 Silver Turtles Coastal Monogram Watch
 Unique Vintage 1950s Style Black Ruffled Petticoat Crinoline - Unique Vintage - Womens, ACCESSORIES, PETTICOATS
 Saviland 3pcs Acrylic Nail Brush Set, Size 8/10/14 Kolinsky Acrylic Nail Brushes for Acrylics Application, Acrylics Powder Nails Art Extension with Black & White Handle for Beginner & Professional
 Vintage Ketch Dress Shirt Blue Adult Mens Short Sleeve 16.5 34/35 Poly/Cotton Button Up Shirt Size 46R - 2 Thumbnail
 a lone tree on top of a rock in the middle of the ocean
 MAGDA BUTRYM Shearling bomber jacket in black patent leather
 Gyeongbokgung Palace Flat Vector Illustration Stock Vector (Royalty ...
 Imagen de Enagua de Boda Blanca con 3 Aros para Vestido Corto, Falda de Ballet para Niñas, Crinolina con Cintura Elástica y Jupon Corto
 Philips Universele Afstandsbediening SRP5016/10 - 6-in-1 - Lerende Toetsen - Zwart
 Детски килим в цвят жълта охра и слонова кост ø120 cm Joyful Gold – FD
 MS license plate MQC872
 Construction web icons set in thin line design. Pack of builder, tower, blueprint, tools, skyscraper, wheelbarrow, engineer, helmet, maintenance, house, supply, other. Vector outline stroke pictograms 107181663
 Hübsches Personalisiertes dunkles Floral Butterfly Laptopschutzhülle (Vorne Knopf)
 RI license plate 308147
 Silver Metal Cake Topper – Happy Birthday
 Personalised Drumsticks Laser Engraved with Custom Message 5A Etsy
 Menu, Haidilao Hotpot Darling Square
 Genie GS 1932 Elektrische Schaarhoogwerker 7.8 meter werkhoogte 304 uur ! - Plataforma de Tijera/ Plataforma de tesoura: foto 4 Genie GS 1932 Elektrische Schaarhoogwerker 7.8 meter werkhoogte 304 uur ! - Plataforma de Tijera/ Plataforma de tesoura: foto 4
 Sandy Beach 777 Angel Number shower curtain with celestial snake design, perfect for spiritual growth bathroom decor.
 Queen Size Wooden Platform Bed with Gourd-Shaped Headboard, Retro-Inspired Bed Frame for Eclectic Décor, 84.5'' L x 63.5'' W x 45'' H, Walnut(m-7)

****************

» **EXERCISE DESCRIPTION**:
The entries above must be returned in full, exactly as shown.

» **REPLY TO THE EXERCISE**:
 Silver Turtles Coastal Monogram Watch
 Unique Vintage 1950s Style Black Ruffled Petticoat Crinoline - Unique Vintage - Womens, ACCESSORIES, PETTICOATS
 Saviland 3pcs Acrylic Nail Brush Set, Size 8/10/14 Kolinsky Acrylic Nail Brushes for Acrylics Application, Acrylics Powder Nails Art Extension with Black & White Handle for Beginner & Professional
 Vintage Ketch Dress Shirt Blue Adult Mens Short Sleeve 16.5 34/35 Poly/Cotton Button Up Shirt Size 46R - 2 Thumbnail
 a lone tree on top of a rock in the middle of the ocean
 MAGDA BUTRYM Shearling bomber jacket in black patent leather
 Gyeongbokgung Palace Flat Vector Illustration Stock Vector (Royalty ...
 Imagen de Enagua de Boda Blanca con 3 Aros para Vestido Corto, Falda de Ballet para Niñas, Crinolina con Cintura Elástica y Jupon Corto
 Philips Universele Afstandsbediening SRP5016/10 - 6-in-1 - Lerende Toetsen - Zwart
 Детски килим в цвят жълта охра и слонова кост ø120 cm Joyful Gold – FD
 MS license plate MQC872
 Construction web icons set in thin line design. Pack of builder, tower, blueprint, tools, skyscraper, wheelbarrow, engineer, helmet, maintenance, house, supply, other. Vector outline stroke pictograms 107181663
 Hübsches Personalisiertes dunkles Floral Butterfly Laptopschutzhülle (Vorne Knopf)
 RI license plate 308147
 Silver Metal Cake Topper – Happy Birthday
 Personalised Drumsticks Laser Engraved with Custom Message 5A Etsy
 Menu, Haidilao Hotpot Darling Square
 Genie GS 1932 Elektrische Schaarhoogwerker 7.8 meter werkhoogte 304 uur ! - Plataforma de Tijera/ Plataforma de tesoura: foto 4 Genie GS 1932 Elektrische Schaarhoogwerker 7.8 meter werkhoogte 304 uur ! - Plataforma de Tijera/ Plataforma de tesoura: foto 4
 Sandy Beach 777 Angel Number shower curtain with celestial snake design, perfect for spiritual growth bathroom decor.
 Queen Size Wooden Platform Bed with Gourd-Shaped Headboard, Retro-Inspired Bed Frame for Eclectic Décor, 84.5'' L x 63.5'' W x 45'' H, Walnut(m-7)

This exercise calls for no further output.